As a standalone mascot horror game, it is ironically novel not to have any unique gameplay systems: no special guns, cameras, hands, nothing. The protagonist is equipped with a powerful flashlight (read: no battery system) and a theme park band (read: keychains), but nothing out of ordinary that makes the character stand out both in-game and out of game. A horror game does not necessarily need a unique gameplay system to deliver its experience, Chapter 1 does have issues with puzzle designs. Horror as a genre often resort to puzzles to encourage players to “fight” the horror, instead of taking “flight”. Puzzles found in Indigo Park so far are roughly two kinds: find machine parts to fix it, find combinations for locks. They don’t make the most immersive experience available for a horror game.
What really stands out in the game is the other characters. Yes, Indigo Park has a silent protagonist, but you have tag-along AI character, Rambley the Raccoon, who monitors the theme park. It’s both joyful and tense to hear Rambley’s rambling. The voice acting and the atmosphere surrounding the delivery capture why Rambley isn’t a perfectly reliable companion. Aside from introductory information that has been revealed during the Chapter 1, Rambley as an unreliable AI, the game does well to reserve much of the contents for later. Seeing as Rambley’s ending credit song, Rambley Review came out perfectly to encapsulate the vibe of a dysfunctional theme park, I have high hopes for what else will the game the offer in the sequels.
The big downside of it all is its poor optimizations. As I was playing Chapter 1, I realized it was devouring the VRAM of the graphics card — consistently using 8 to 12 GB at all times. Granted, I was playing it on 4k resolution, but I doubt most players would expect non-AAA games to be so demanding. In all likelihood, Indigo Park will see a console release after few chapters. I wonder if there will be a major update to optimize the game further before it makes it to the consoles. There are also some suspected AI generated contents, but it’s blended in well enough to be camouflaged as a set dressing. If it isn’t, it’s most likely an asset bought from a store. The polishing work could use more attention, but that’s another story entirely.

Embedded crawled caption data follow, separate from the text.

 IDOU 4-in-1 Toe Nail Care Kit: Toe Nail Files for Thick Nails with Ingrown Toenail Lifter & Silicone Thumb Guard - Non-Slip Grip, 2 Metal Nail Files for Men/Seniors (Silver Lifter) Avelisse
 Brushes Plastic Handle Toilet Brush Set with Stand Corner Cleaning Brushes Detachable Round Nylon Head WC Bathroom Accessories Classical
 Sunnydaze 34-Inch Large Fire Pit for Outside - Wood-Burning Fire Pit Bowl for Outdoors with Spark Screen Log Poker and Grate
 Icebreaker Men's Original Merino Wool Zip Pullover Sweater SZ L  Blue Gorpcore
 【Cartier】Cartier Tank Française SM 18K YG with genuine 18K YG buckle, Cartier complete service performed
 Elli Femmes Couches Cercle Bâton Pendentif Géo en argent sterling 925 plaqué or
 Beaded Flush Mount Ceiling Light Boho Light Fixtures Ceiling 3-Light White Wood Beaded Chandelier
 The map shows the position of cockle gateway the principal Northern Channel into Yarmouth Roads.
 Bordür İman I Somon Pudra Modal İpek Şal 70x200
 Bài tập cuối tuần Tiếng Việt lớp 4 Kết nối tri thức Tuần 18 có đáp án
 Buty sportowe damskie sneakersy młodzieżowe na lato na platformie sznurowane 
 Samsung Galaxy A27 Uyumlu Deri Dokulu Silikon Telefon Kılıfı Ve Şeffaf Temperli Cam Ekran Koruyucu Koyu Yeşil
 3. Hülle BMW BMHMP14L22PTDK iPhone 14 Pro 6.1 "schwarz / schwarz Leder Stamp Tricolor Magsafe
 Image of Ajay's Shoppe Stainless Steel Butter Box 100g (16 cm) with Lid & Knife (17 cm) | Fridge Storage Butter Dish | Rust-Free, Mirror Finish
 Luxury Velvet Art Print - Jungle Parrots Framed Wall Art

Conclusions: Started Strong
As the Chapter 1 is available for free and has relatively short playtime (around an hour), I would recommend dear readers to simply go ahead and try it. Because the first chapter is more or less a demo of the game, it’s hard to discuss or predict what will be offered in the next installment — anything more would inadvertently hype the game. As a horror game, it is refreshing to return to a protagonist who is quite literally ordinary, no special powers or tools. In fact, it makes me attached a little more that the AI in the park seem plausible with today’s technology. Again, it is free game, and it’s starting strong. Whether it will successfully ride on its hype is another question entirely.